The funding freeze follows Harvard’s refusal to comply with a set of federal demands that included the renowned education institution ban face masks and close its diversity, equity and inclusion programs. The White House also demanded that Harvard cooperate with federal immigration authorities and reform its admissions process for international students to screen for students “supportive of terrorism and anti-Semitism."
Harvard is the first major Ivy League university to openly defy the current administration’s demands. Earlier this week, the university announced plans to borrow $750 million from Wall Street to offset anticipated financial strain. Yet despite the high-stakes standoff, financial advisors say families are staying focused on the bigger picture.
“There’s always something going on in the political scene, but it’s not a one-to-one ratio when it comes to getting children educated,” said Pamela Rigsby, founder and partner at Pursuit Wealth Strategies. “It may not be Harvard, Yale, Columbia.

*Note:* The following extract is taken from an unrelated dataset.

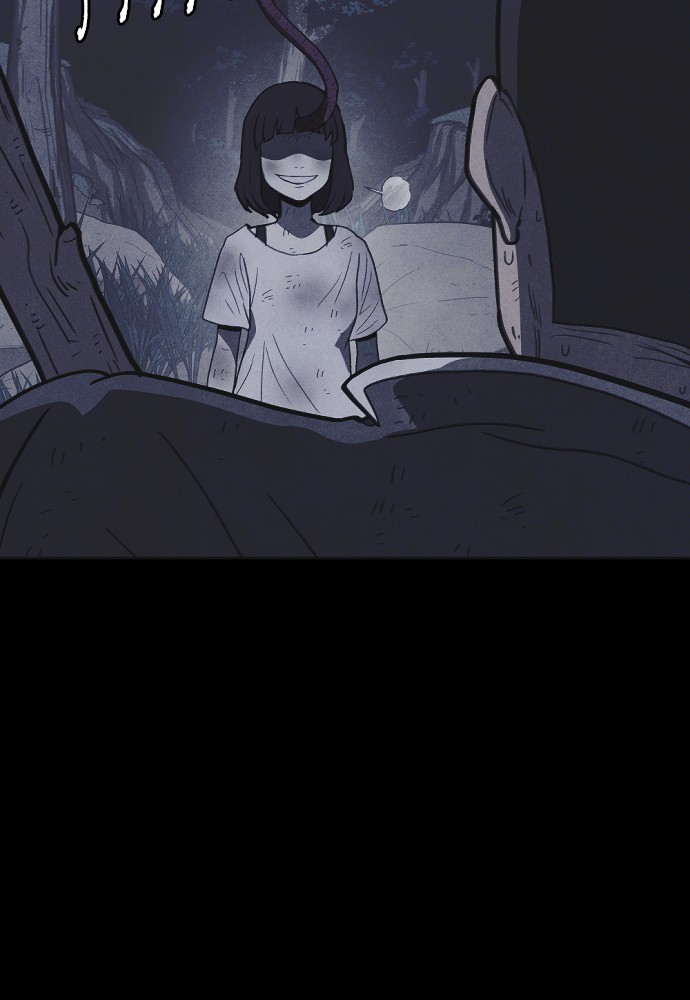 Shotgun Boy chapter 30 page 43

It may be the University of North Carolina or North Carolina State, where we know there’s really not a political issue at the moment.”
Rigsby emphasized that college planning remains, at its core, a numbers-driven exercise—one that requires families to set aside emotion and focus on the long view. “We just need to make sure that that parent, or that set of parents, are properly ready to send that kid to school so that they can be educated,” she says. “It’s more about staying out of the political realm and just looking at the facts.”
Melissa Bouchillon, managing partner at Sound View Wealth Advisors, took a similarly cautious tone. “Right now, we’re still advising that 529 plans are a good planning tool,” she said, referring to tax-advantaged investment vehicles used to save for education. “But as rules change, as policies change, we’ve got to reflect that in the strategies we’re using for clients.”
Bouchillon noted that in times of uncertainty, families should double down on what they can control. “When the world feels uncontrollable and there’s so much out there that gets people nervous, I say take a step back,” she says. “Whether it’s a 529 plan, a custodial account, or a general investment fund, the key is that we’re saving for a child’s future.”
Neither advisor dismissed the possibility that proposed policy shifts could eventually affect the structure of college savings, but both stressed that families should not let short-term political threats dictate long-term financial decisions. “We don’t know if that child is going to college, starting a business, or attending trade school,” Bouchillon stresses. “But we do know they’ll need a leg up. And having savings in place to support that future—whatever it may be—is what matters most.”